Somewhat different situation, but after having quit one a Silicon Valley startup after its acquisition, I still have access to a lot of its network. I'm sure it's a common occurrence. Shutting people completely out of a network is really hard, where there are so many different accounts to close. (Unix access on all boxes, mysql, cms, email, bug-tracking, apple dev accts, irc, support forums, etc. etc.) Especially doing so without deleting data (which you might need in the future, to check on something that the employee worked on, or an old email containing documentation, etc…)
Rather, I think the issue is the lack of a good backup strategy. Off-site, automated backups should have been in place. I've seen someone `rm -rf /var/mysql` and, after a heart attack, recover it. Your system should be rm-proof!
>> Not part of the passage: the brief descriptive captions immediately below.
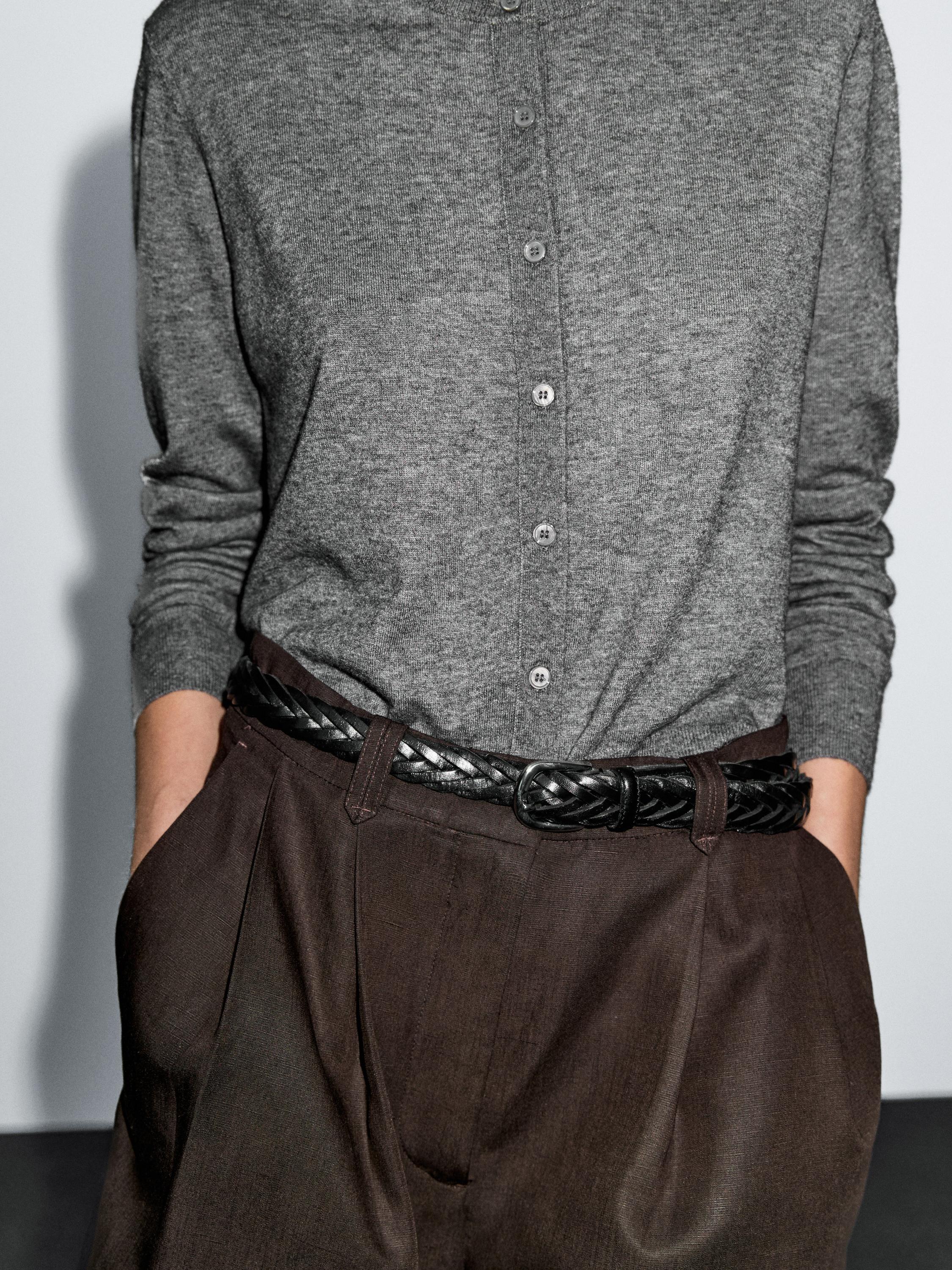 Wool blend knit cardigan with crew neck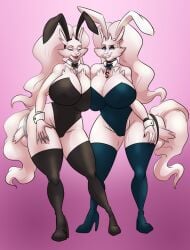 2021 2girls anthro big_breasts blue_eyes breast_press breast_to_breast bunny_ears bunnysuit detached_collar female female_only fluffy_duffy_(unknown6505) full_body generation_5_pokemon high_heel_boots huge_breasts legendary_pokemon long_hair looking_at_viewer narrowed_eyes neck_ribbon necklace nintendo pokemon pokemon_(species) reshiram sabrina_duffy_(unknown6505) sharp_fingernails side_by_side sisters_(lore) smiling smiling_at_viewer teeth_showing thebigbadwolf01 thick_thighs twins_(lore) white_hair wide_hips wrist_cuffs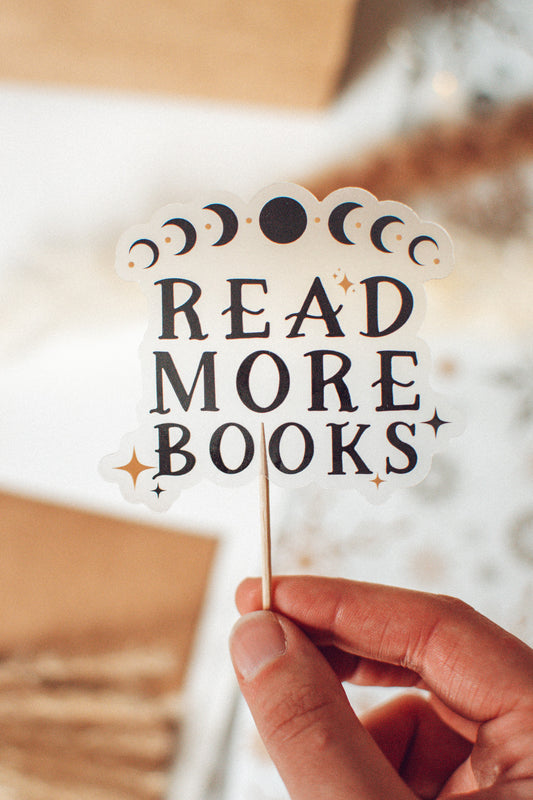 Read More Books Transparent Sticker | Book Lover Vinyl Sticker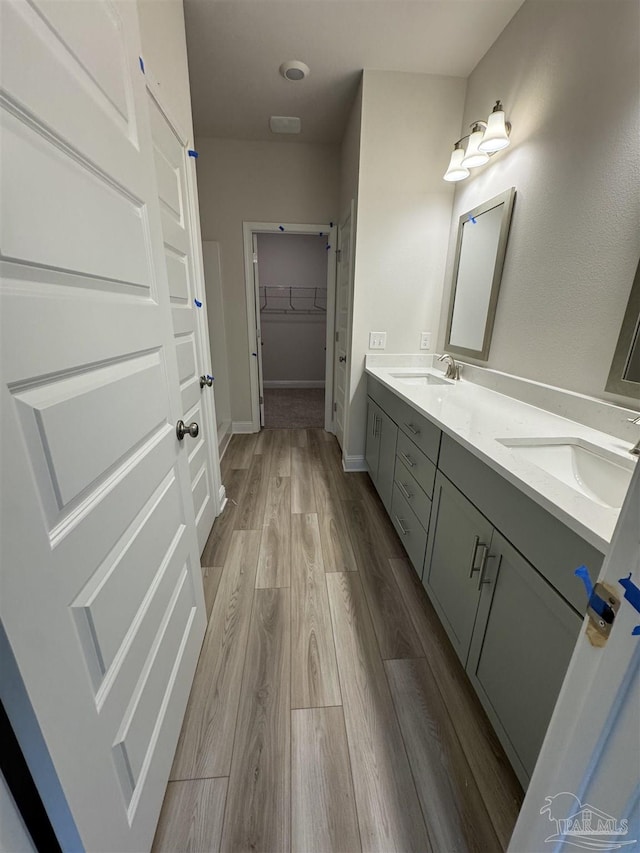 bathroom featuring vanity and wood-type flooring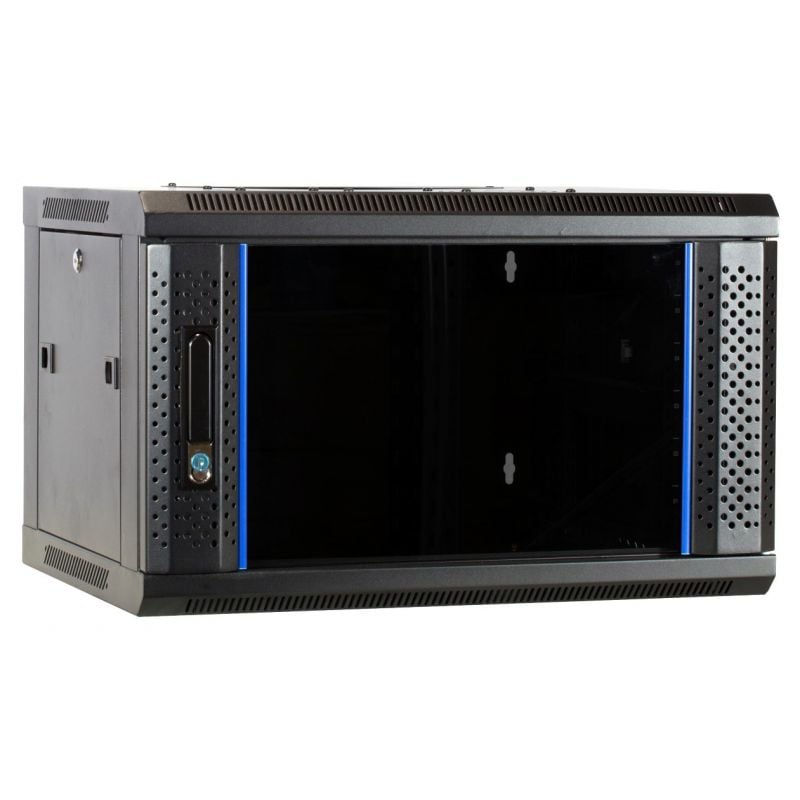 6U wand patchkast ongemonteerd met glazen deur, 450mm diep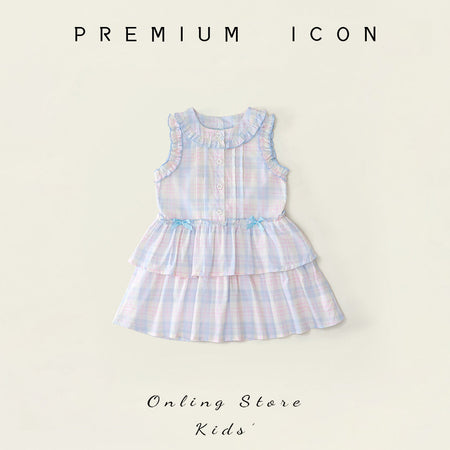 Girls Plaid Bow Tiered Sleeveless Summer Dress – Summer Kids Fashion Nepal | Tudoholic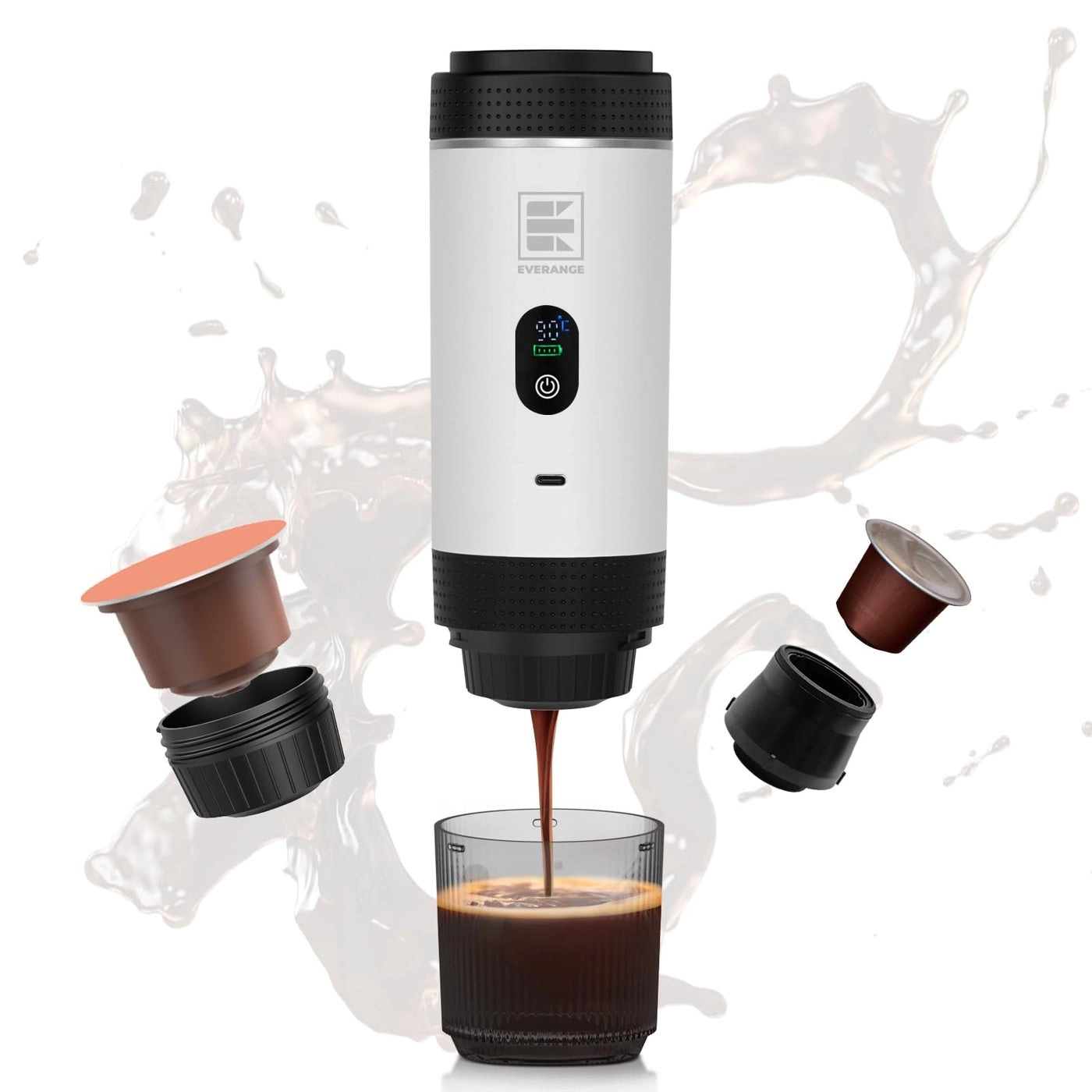 Portable Electric Espresso Machine - Rechargeable Battery NS capsules compatible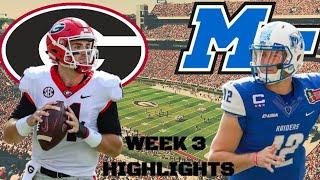 NCAA Football Week 3 Georgia vs Middle Tennessee State Highlights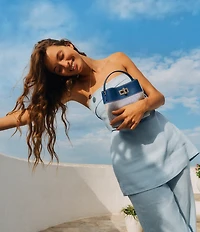 Furla Amelia Canvas Stripe Handle Mini Bucket Bag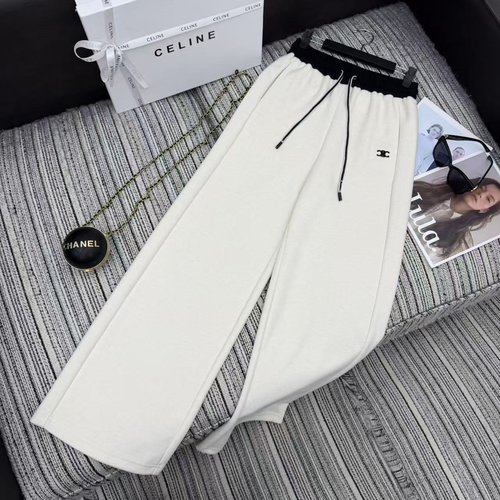 Celine Recommended CEL Series Arch Embroidery Logo Wide-Leg Pants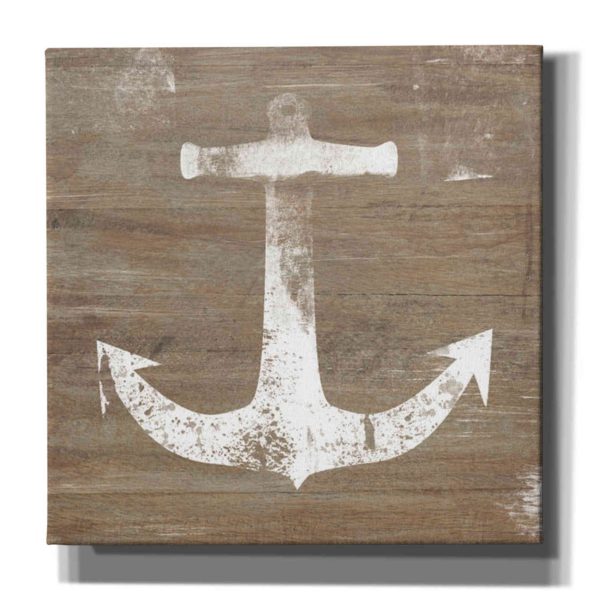 White Anchor on Natural  by Linda Woods, Canvas Wall Art Online Sale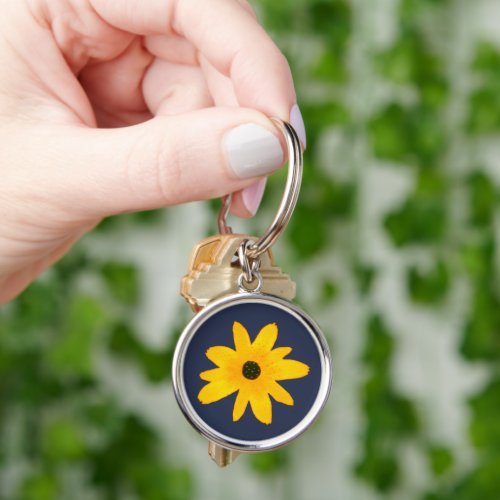 Yellow Country Sunflower Flower  Keychain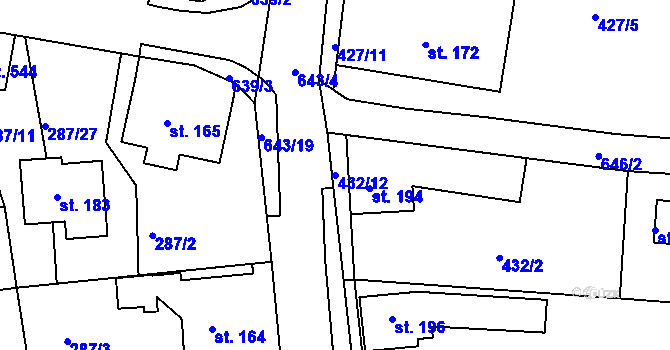 Parcela st. 432/12 v KÚ Jenišovice u Jablonce nad Nisou, Katastrální mapa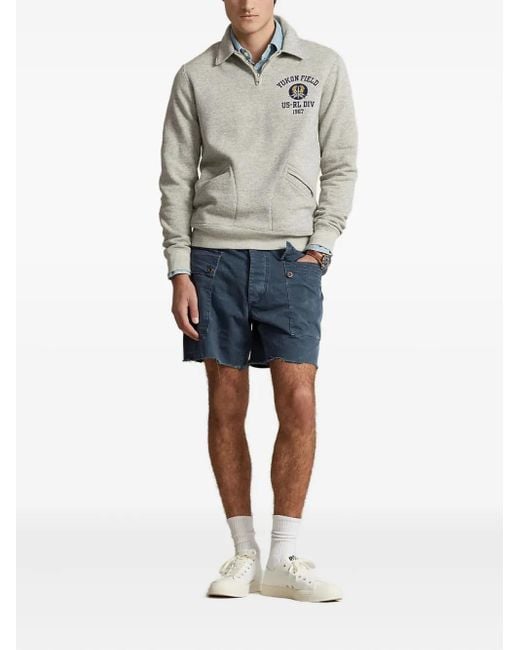 Polo Ralph Lauren Gray Zip-Collar Polo Shirt for men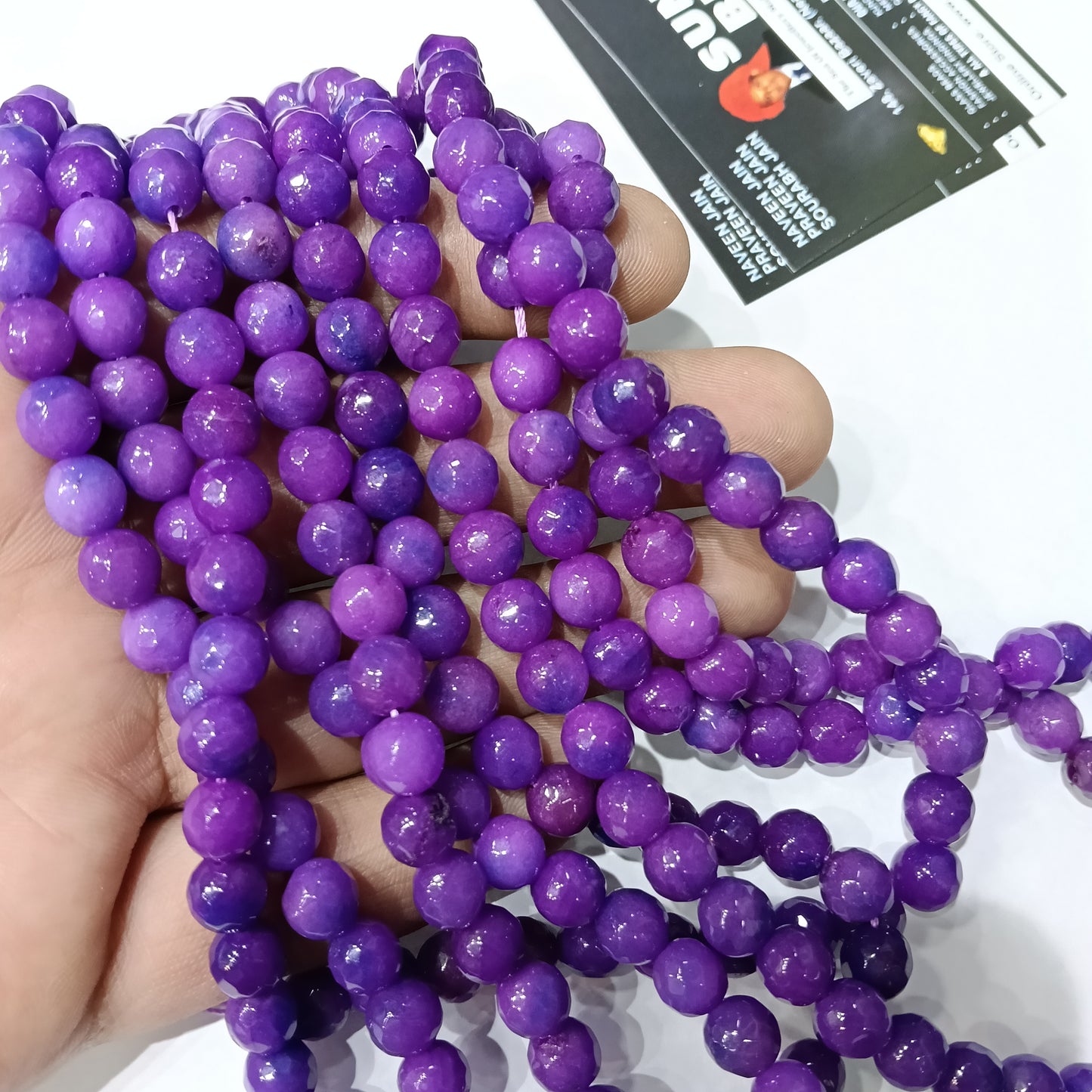 Dark purple 8mm agate beads 1string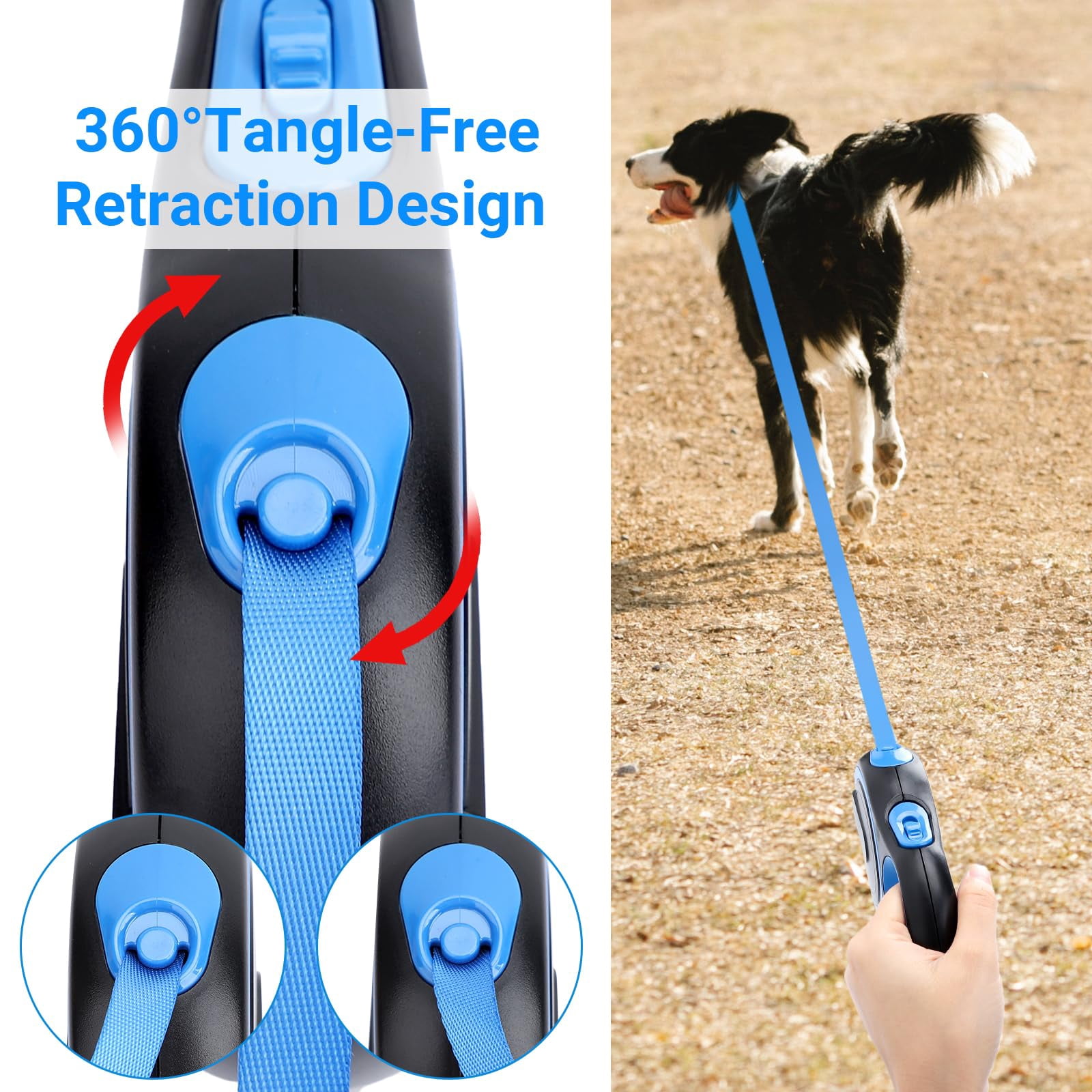 KUCASI Pink Retractable Dog Leash, 16ft Heavy Duty Walking Dog Leash for Medium Small Dogs up to 44lb, Anti-Slip Handle 360°Tangle-Free Nylon Tape, One-Handed One Button Lock and Release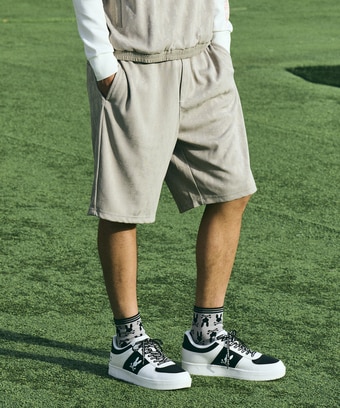 [GOLF]異素材切替シルエットバニージャガード　 ショートパンツ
You may want to find a way of notifying them without alerting them it's you. Otherwise if something goes awry down the road and one of your accounts is involved (say an old username that gets brute-forced), you don't get something pinned on you.
1. Don't use per-machine unix accounts. Use something like NIS or LDAP. Now you can easily disable someone's account on all boxes. THe bonus is that their home directories still stick around (though you can't use aliases like ~username to access them).
2. Use an email system where you can disable a user without deleting all of their emails.
Rather, I think the issue is the lack of a good backup strategy. Off-site, automated backups should have been in place. I've seen someone `rm -rf /var/mysql` and, after a heart attack, recover it. Your system should be rm-proof!